6.3.1 ETON shall pay to Aucta a royalty payment of [ * * * ] of Net Sales of the Products.
6.3.2 [ * * * ]
6.3.3 If the amount of royalty payment under Section 6.3.1 is less than the amount of royalty payment under Section 6.3.2, then ETON shall pay Aucta the difference between royalty payments in Sections 6.3.1 and 6.3.2 within sixty (60) days of the calendar year end, but in no event shall the difference paid be greater than the minimum amount in Section 6.3.2.
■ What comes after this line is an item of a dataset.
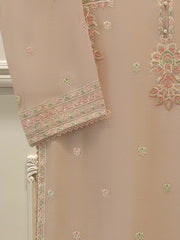 Pure Embroidered Cotton Net Shirt-S114973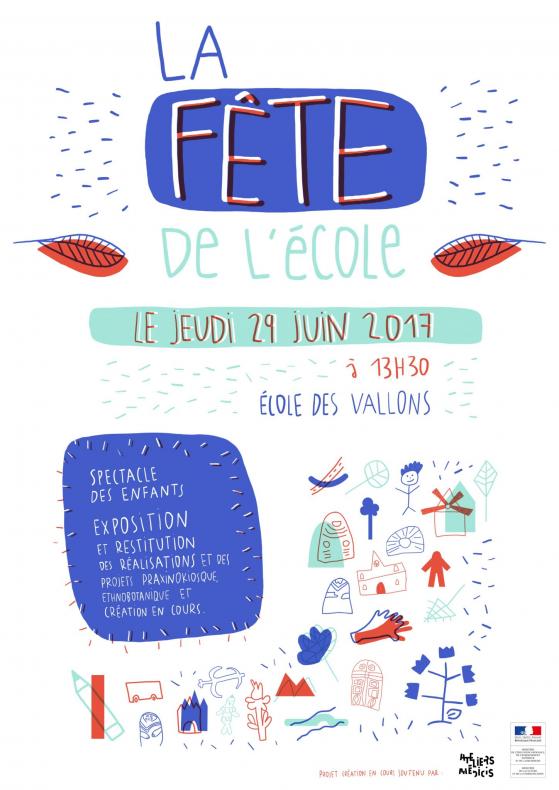 L'affiche en fête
6.3.4 For payments under Section 6.3, ETON shall pay Aucta royalty payments under Section 6.3.1 or 6.3.2 only, but not under both sections concurrently.
6.3.5 If ETON is unable or limited in its ability to sell the Products due to supply chain (e.g., manufacturing, API, etc.) or regulatory issues, that extend for a period of thirty (30) days or more, the minimum royalty payment under Section 6.3.2 shall be adjusted to prorate the annual minimum to account for the period of inability to supply; provided, however, that the minimum royalty payment shall be paid if the inability or limitation of sales by ETON is directly and solely due to ETON’s gross negligence or willful misconduct.
6.3.6 [ * * * ]
6.3.7 Within thirty (30) days following the end of each Calendar Quarter following the first commercial sale of the Product in the Territory, including the first and last payment period which may be of a shorter duration (each, a “Payment Period”), ETON shall: (a) compute and report to Aucta in a mutually acceptable format the Net Sales for each Product sold in the Territory during the Payment Period, and (b) pay to Aucta the appropriate royalty payment under Section 6.3 within thirty (30) days of the delivery of the report.
6.4 [ * * * ]
6.5 Interim and Final True-Ups. During the Term, on an annual basis, following the first (1st) calendar year from launch of Product and on a Product-by-Product basis, ETON shall perform an interim “true-up” reconciliation and shall provide Aucta with a written report of such outlining the deductions specified in the definition of Net Sales. The reconciliation shall be based on actual cash paid or credits issued or accrued in accordance with GAAP and company practices consistently applied, including any amounts irrevocably committed but not yet paid at the end of the preceding calendar year. If the foregoing reconciliation report shows either an underpayment or an overpayment between the Parties, the Party owing payment to the other Party shall pay the amount of the difference to the other Party within thirty (30) days after the date of delivery of such report. In addition, within twenty-five (25) months after the termination or expiration of the Term and on a Product-by-Product basis, ETON shall perform a final “true-up” reconciliation and shall provide Aucta with a written report of such outlining the deductions specified in the definition of Net Sales. If the foregoing reconciliation report shows either an underpayment or an overpayment between the Parties, the Party owing payment to the other Party shall pay the amount of the difference to the other Party within thirty (30) days after the date of delivery of such report.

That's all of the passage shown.